### Exercise details
Which lines run from the one containing "BMW 116 d Advantage 5 Porte Bianco - 2" through the end of the data? Write them out exactly, with the pictures left out.

**** Dataset extract ****

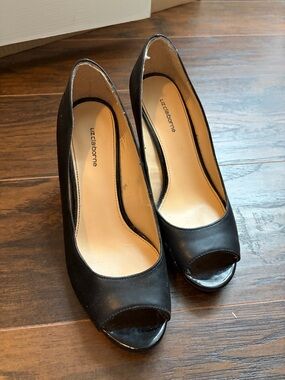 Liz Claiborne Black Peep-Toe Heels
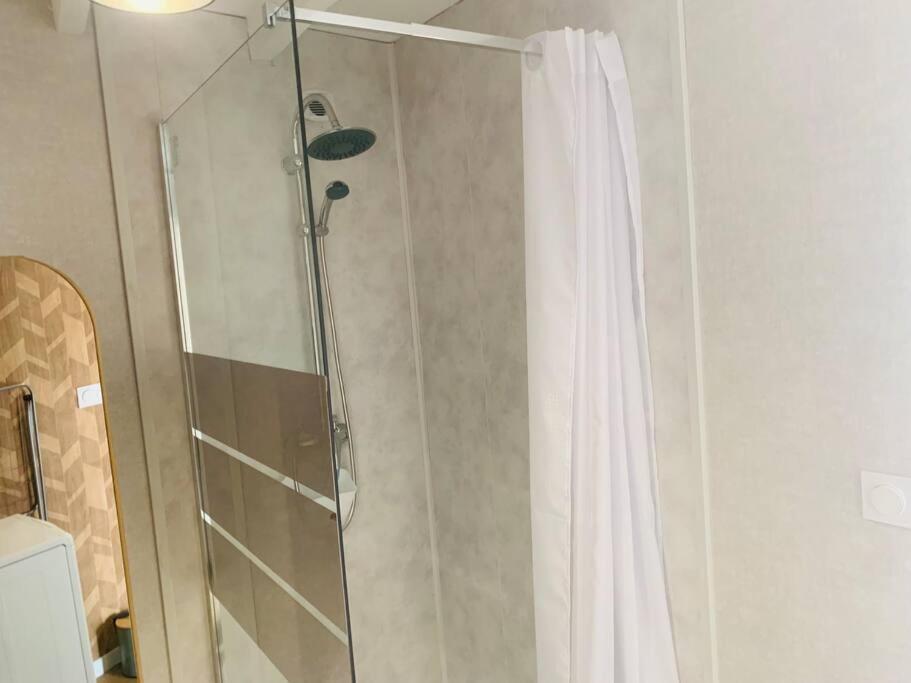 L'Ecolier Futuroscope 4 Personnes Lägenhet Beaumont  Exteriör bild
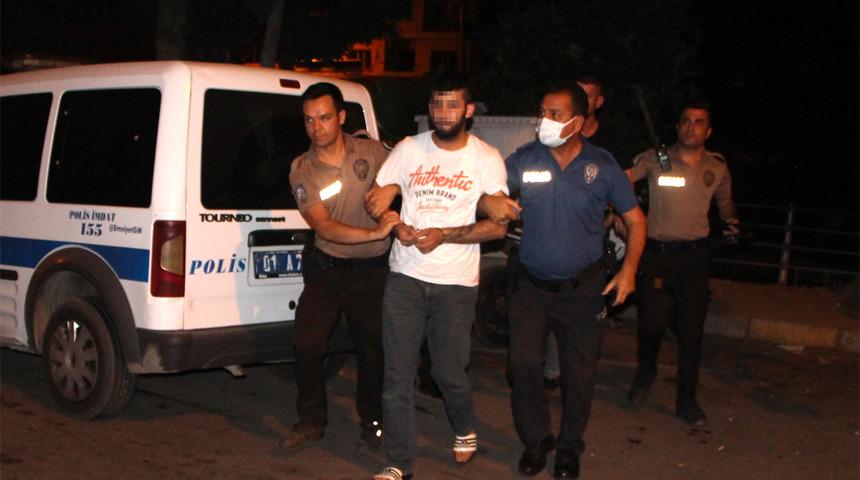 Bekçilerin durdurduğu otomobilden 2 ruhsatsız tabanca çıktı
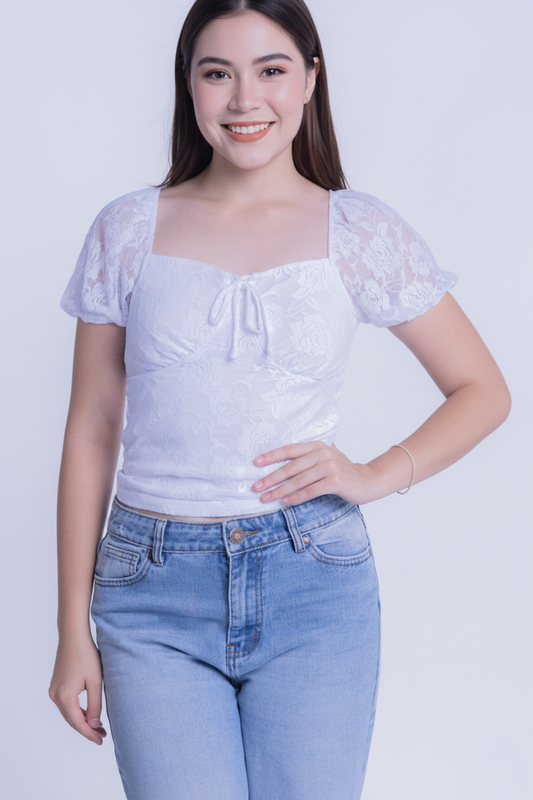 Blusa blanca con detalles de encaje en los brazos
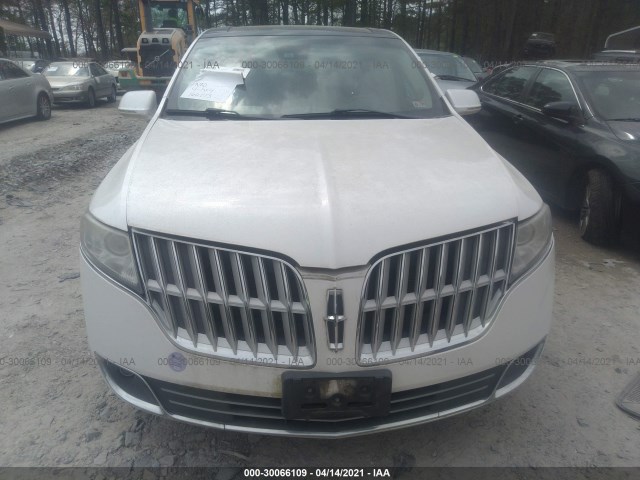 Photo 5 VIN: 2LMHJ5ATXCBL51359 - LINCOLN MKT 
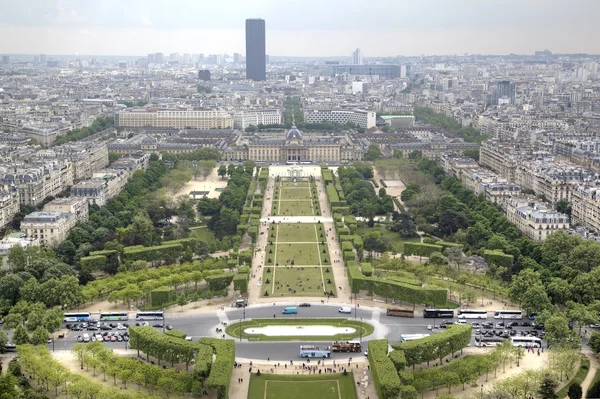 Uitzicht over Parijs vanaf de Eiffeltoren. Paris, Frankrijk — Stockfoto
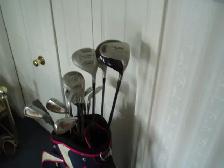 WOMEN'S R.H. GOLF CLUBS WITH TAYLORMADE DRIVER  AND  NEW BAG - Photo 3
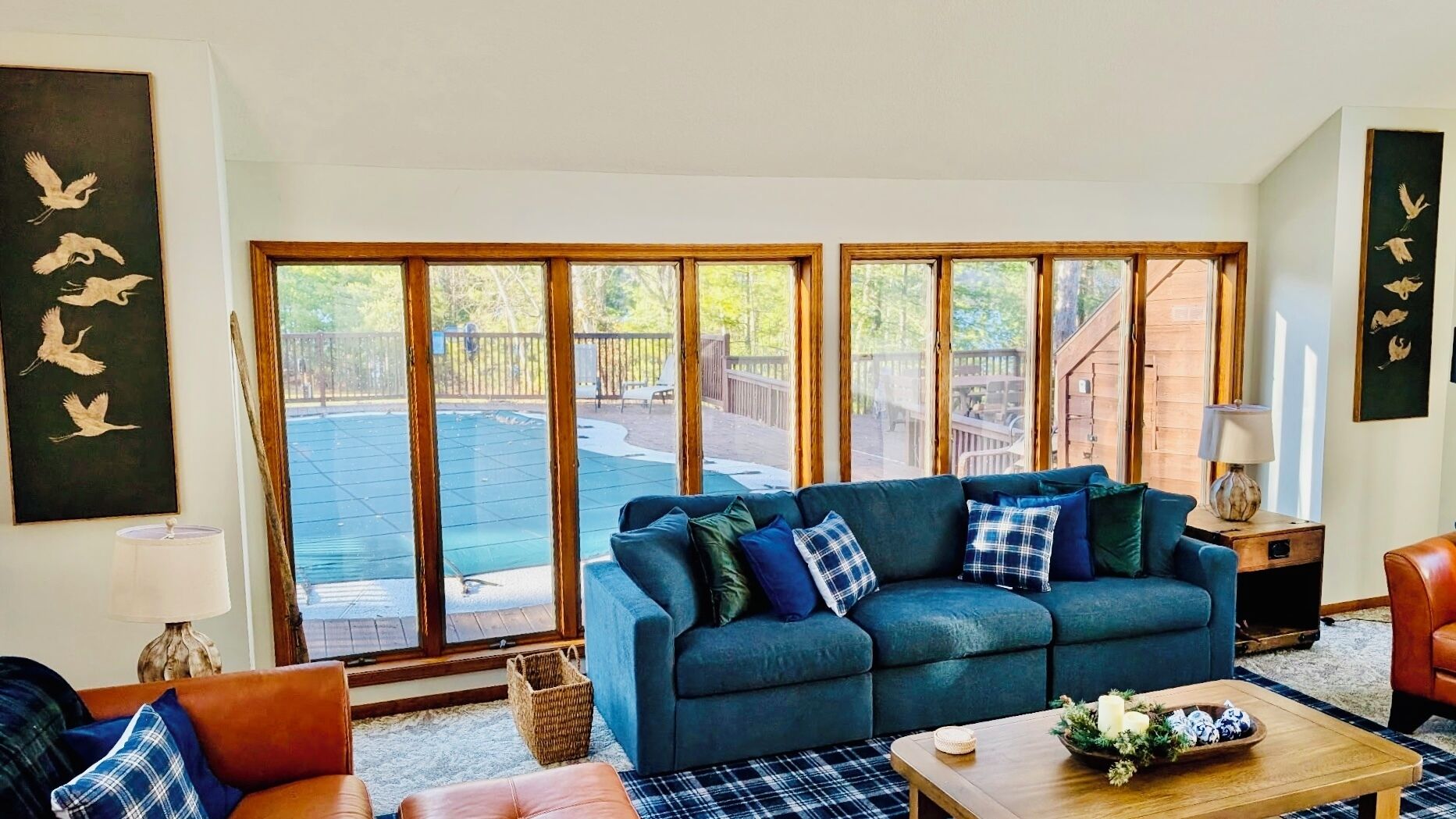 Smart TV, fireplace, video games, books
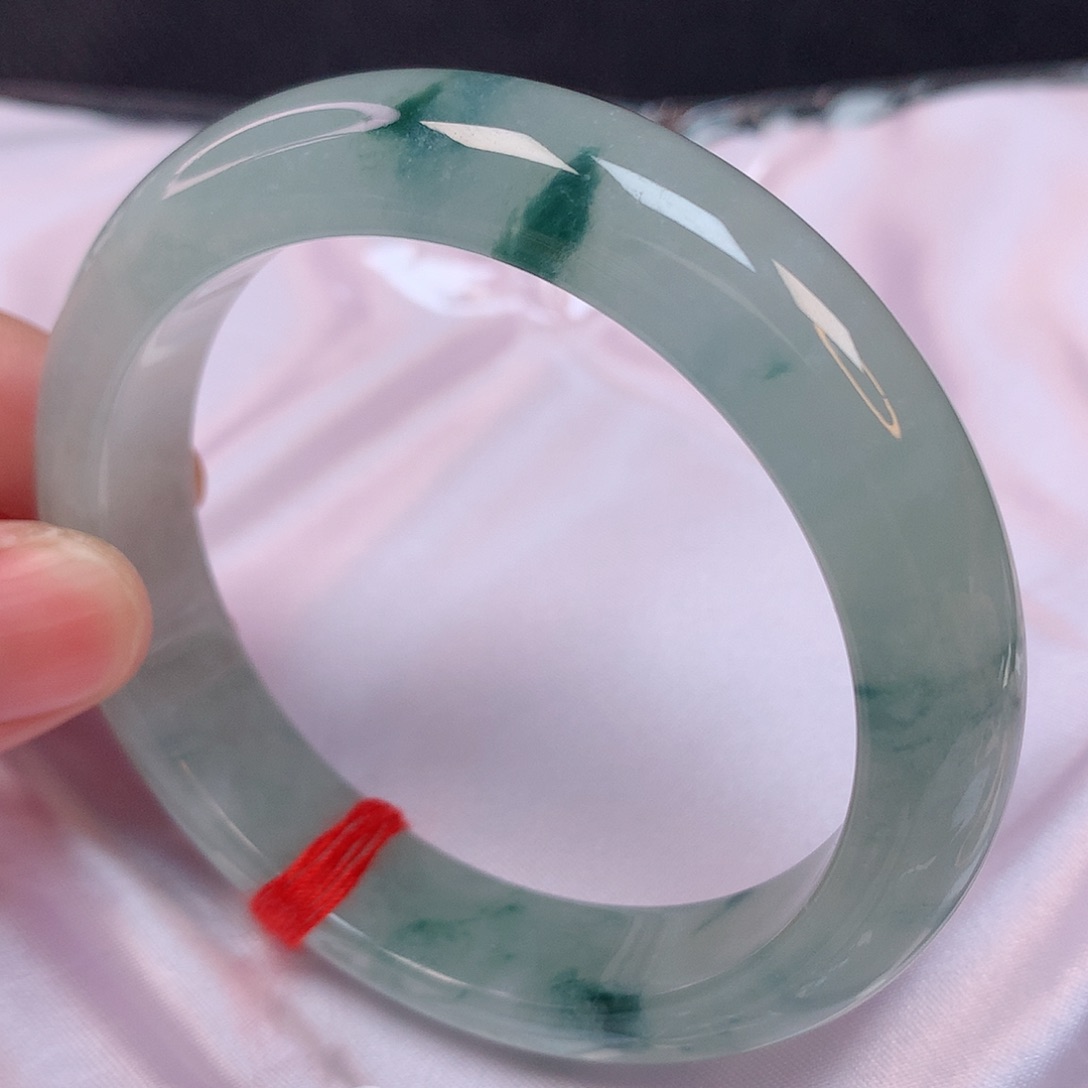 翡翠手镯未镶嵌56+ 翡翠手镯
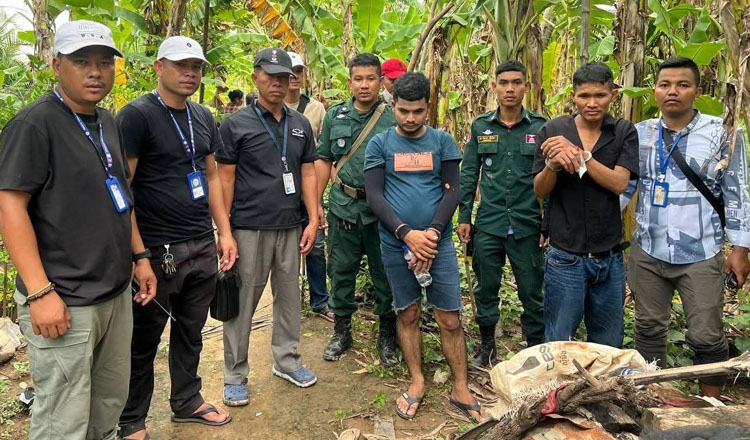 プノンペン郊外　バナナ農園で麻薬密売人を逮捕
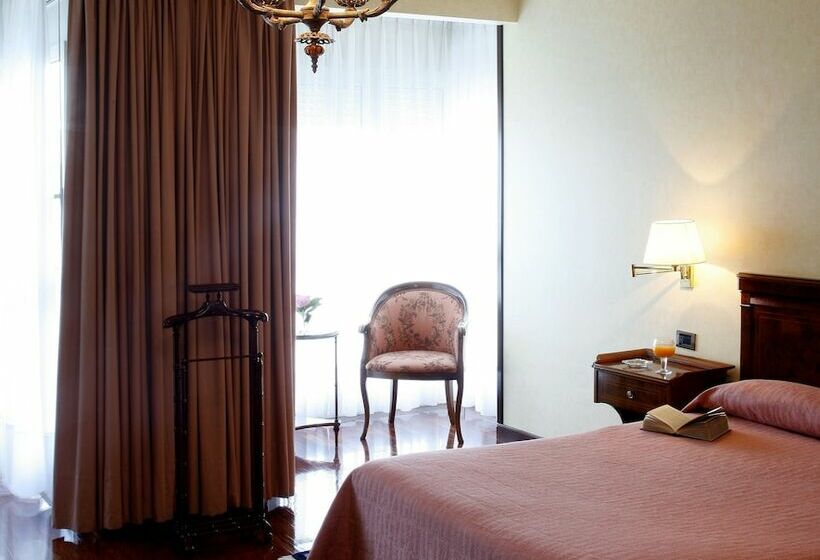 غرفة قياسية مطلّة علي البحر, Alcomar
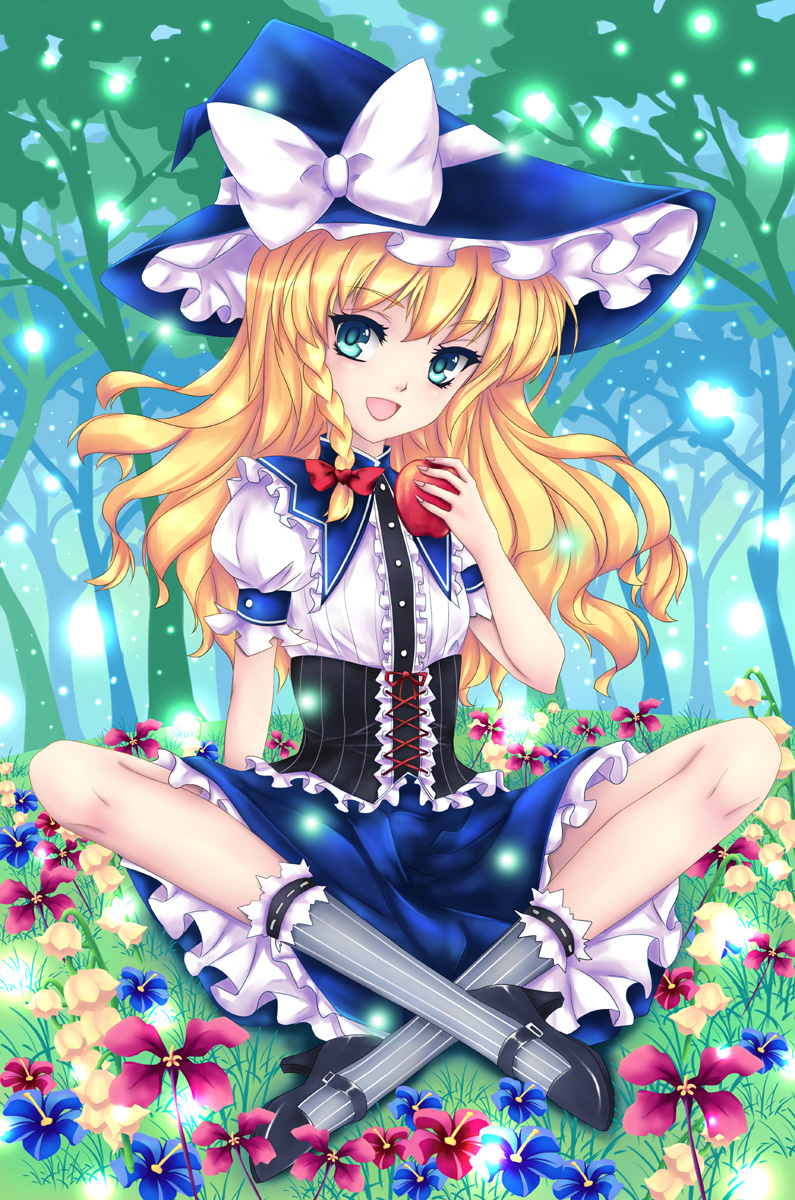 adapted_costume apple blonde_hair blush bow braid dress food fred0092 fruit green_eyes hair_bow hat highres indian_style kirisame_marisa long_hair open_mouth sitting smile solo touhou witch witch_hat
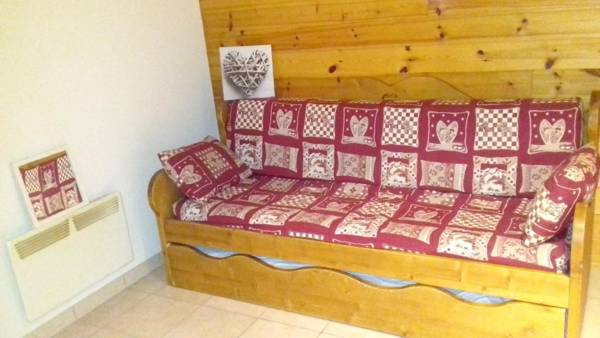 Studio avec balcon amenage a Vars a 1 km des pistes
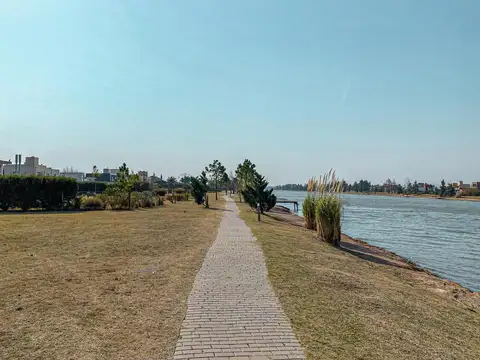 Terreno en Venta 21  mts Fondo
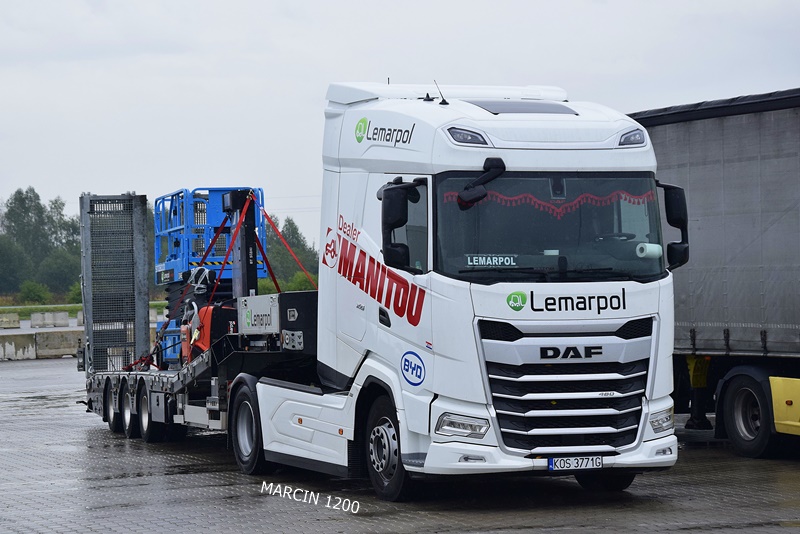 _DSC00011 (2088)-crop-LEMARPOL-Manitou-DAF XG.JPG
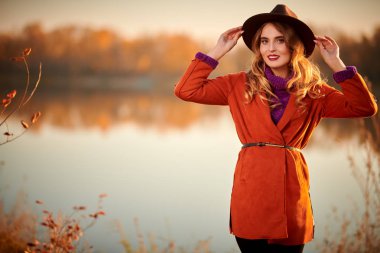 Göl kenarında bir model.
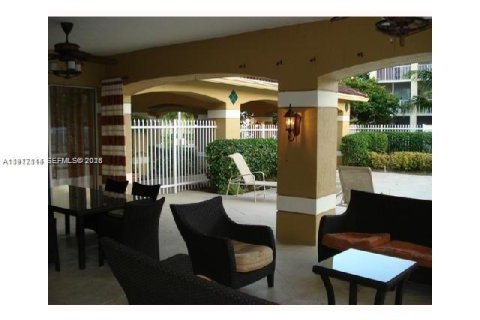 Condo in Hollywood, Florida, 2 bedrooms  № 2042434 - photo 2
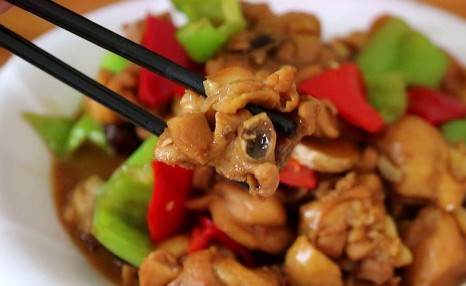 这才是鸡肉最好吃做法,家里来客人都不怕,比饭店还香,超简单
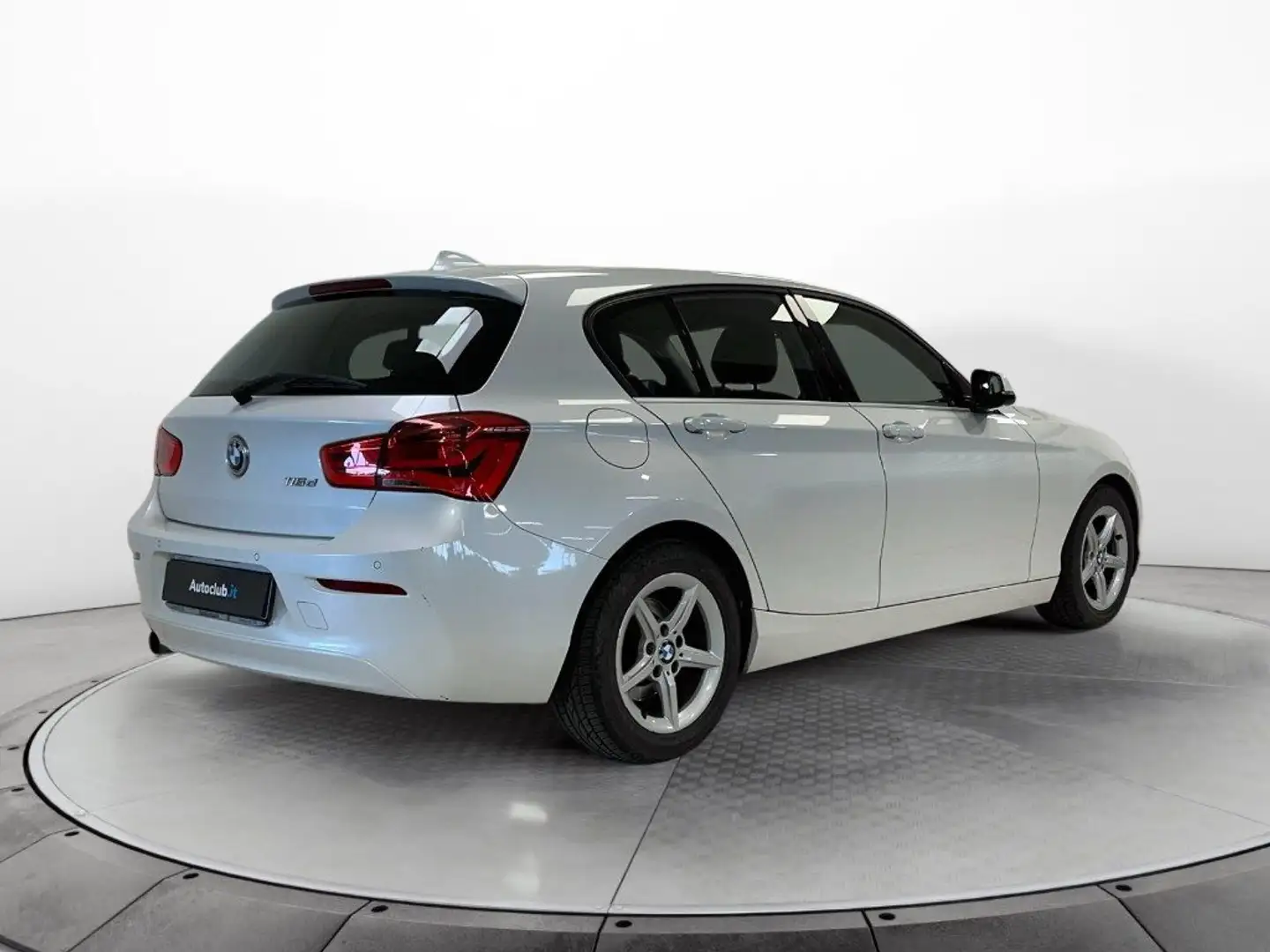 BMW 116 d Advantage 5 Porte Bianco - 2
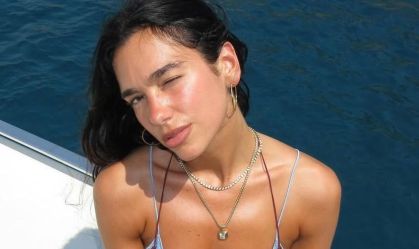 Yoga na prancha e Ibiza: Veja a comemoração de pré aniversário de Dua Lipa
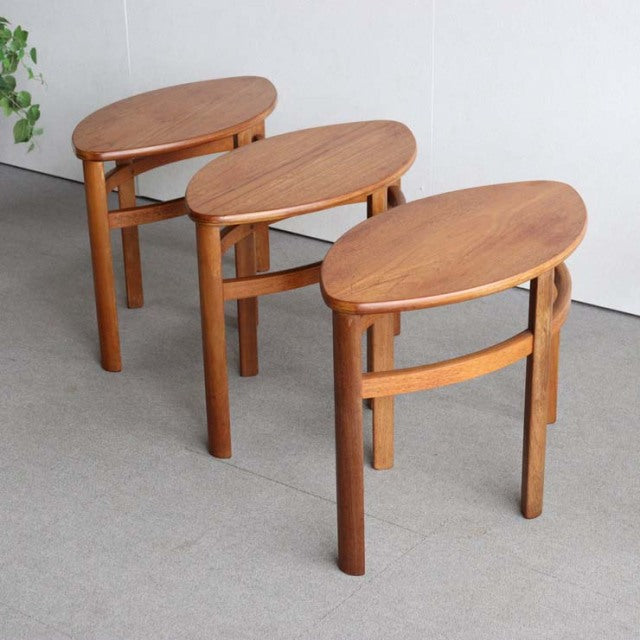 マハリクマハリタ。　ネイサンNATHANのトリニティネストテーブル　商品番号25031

****

### Output of the task
 BMW 116 d Advantage 5 Porte Bianco - 2
 Yoga na prancha e Ibiza: Veja a comemoração de pré aniversário de Dua Lipa
 マハリクマハリタ。　ネイサンNATHANのトリニティネストテーブル　商品番号25031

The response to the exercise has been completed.